» What you will do: When you reach the line containing "The Fantastic Four: First", begin reproducing the material exactly, stop after the line containing "Liposomales Glutathion, High", and leave out any pictures along the way.

» Provided material:
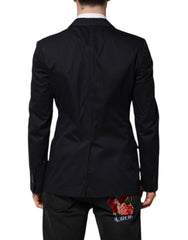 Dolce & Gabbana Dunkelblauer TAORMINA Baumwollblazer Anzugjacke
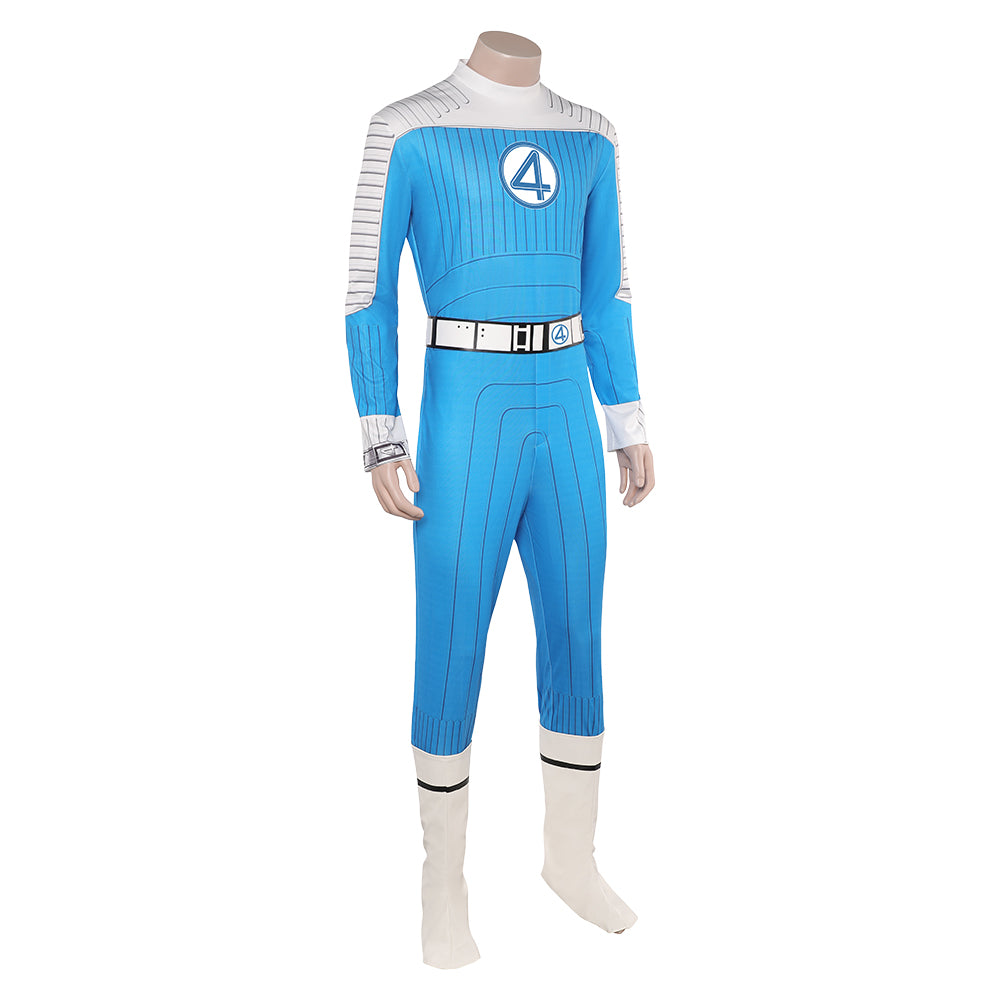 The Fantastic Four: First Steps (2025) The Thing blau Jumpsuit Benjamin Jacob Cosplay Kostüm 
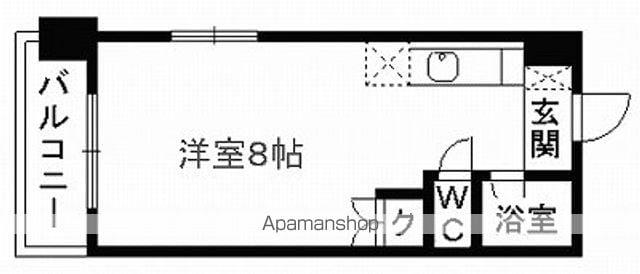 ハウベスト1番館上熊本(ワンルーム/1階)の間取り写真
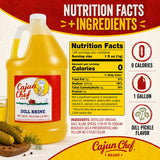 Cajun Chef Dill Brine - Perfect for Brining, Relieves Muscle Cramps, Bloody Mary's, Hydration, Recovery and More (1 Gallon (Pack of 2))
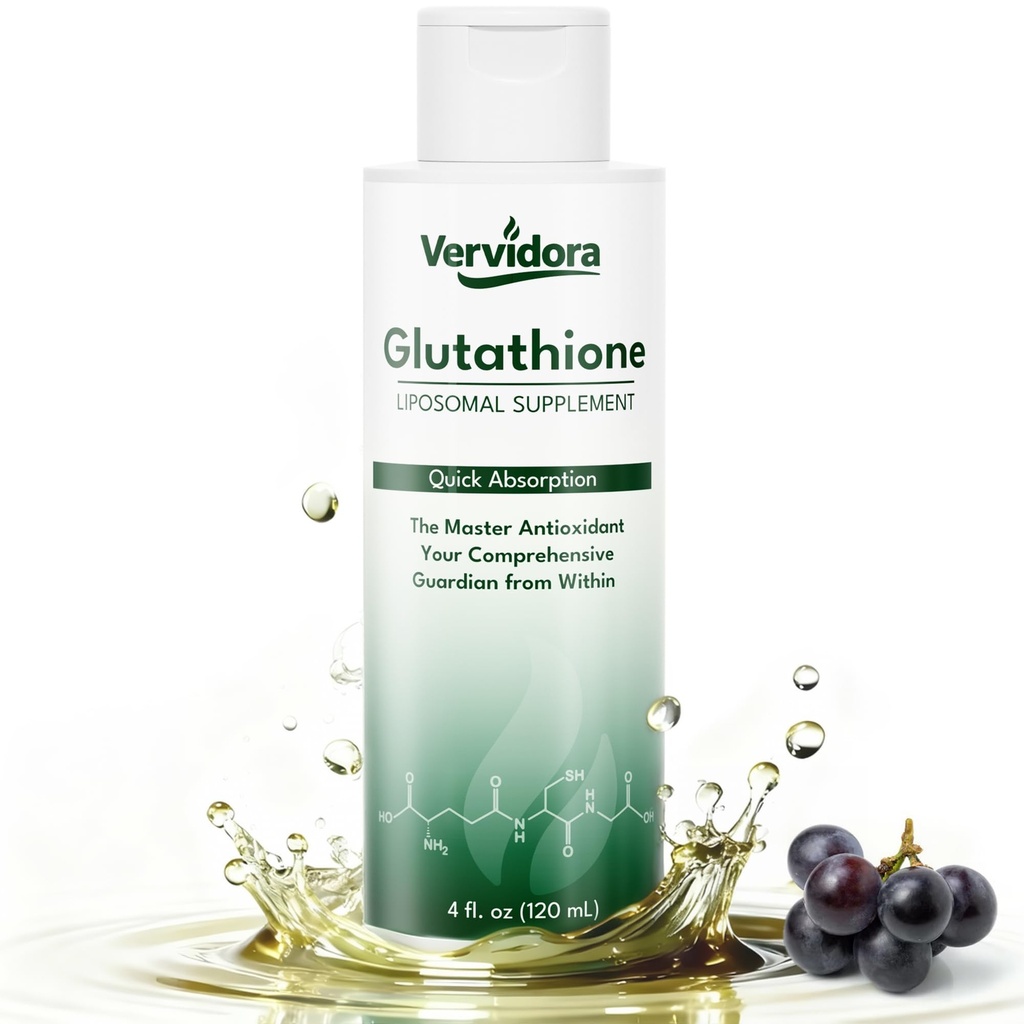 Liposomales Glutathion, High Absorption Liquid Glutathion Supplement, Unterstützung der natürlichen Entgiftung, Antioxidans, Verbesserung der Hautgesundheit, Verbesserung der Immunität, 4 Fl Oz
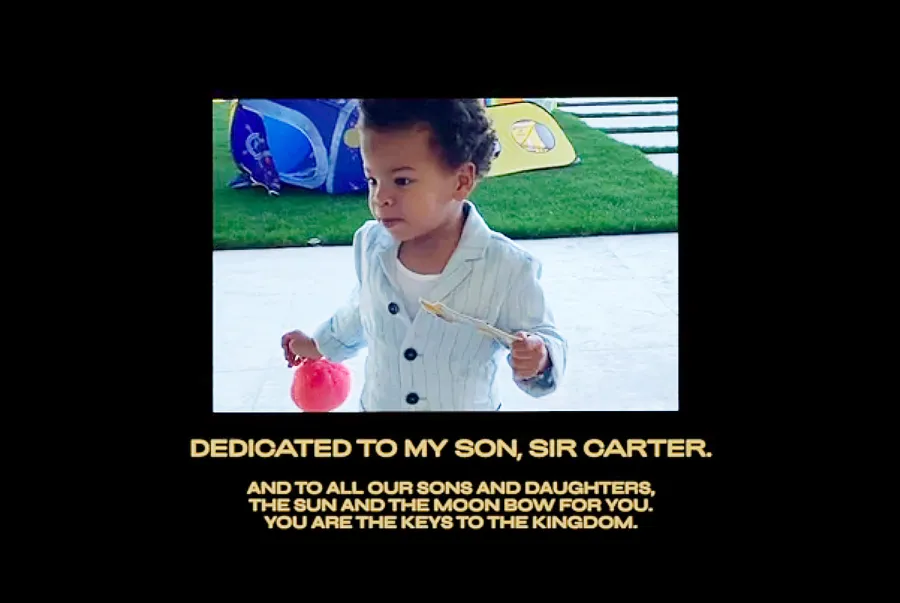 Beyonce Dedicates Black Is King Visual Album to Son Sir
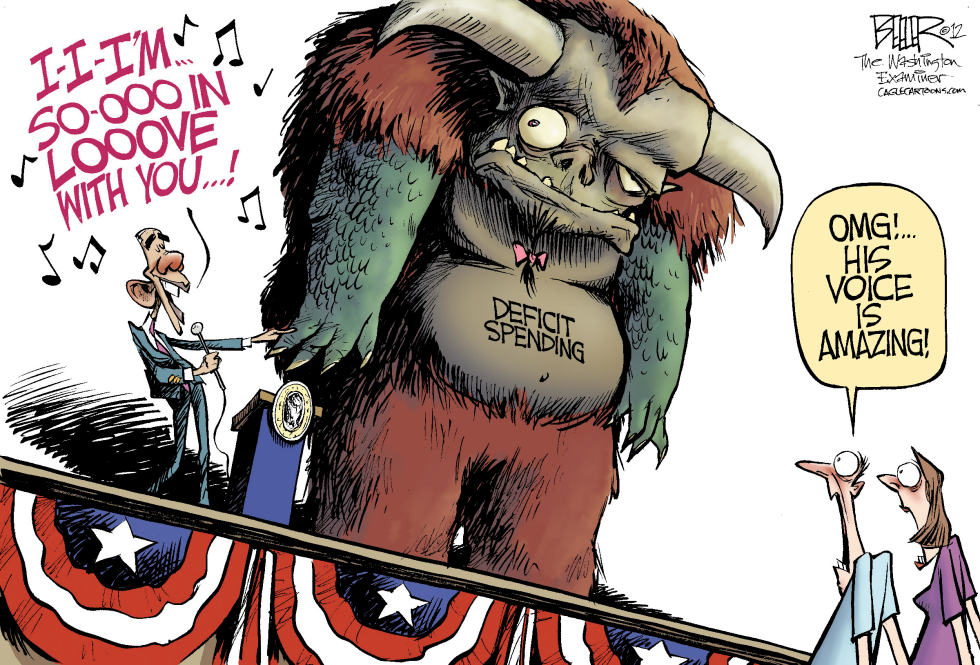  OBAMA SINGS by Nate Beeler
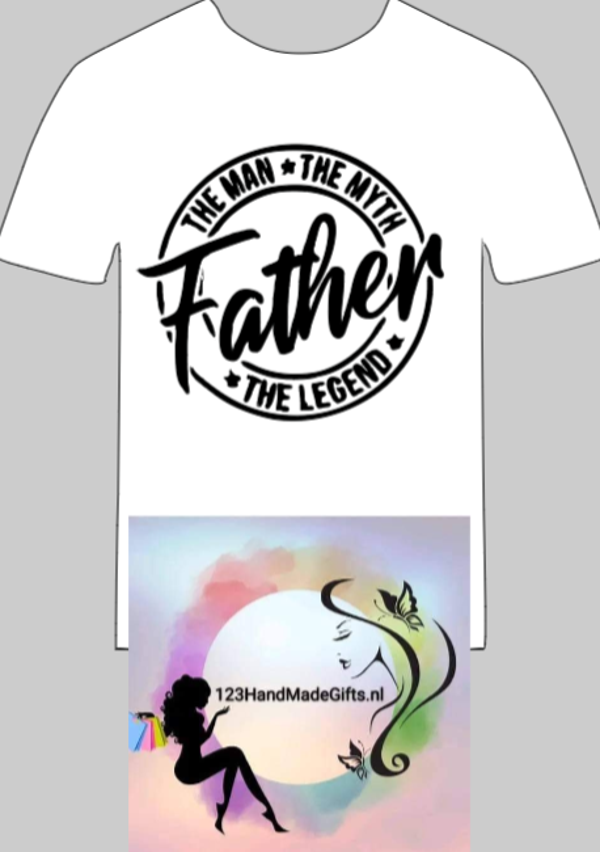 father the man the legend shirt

» Exercise answer:
 The Fantastic Four: First Steps (2025) The Thing blau Jumpsuit Benjamin Jacob Cosplay Kostüm 
 ハウベスト1番館上熊本(ワンルーム/1階)の間取り写真
 Cajun Chef Dill Brine - Perfect for Brining, Relieves Muscle Cramps, Bloody Mary's, Hydration, Recovery and More (1 Gallon (Pack of 2))
 Liposomales Glutathion, High Absorption Liquid Glutathion Supplement, Unterstützung der natürlichen Entgiftung, Antioxidans, Verbesserung der Hautgesundheit, Verbesserung der Immunität, 4 Fl Oz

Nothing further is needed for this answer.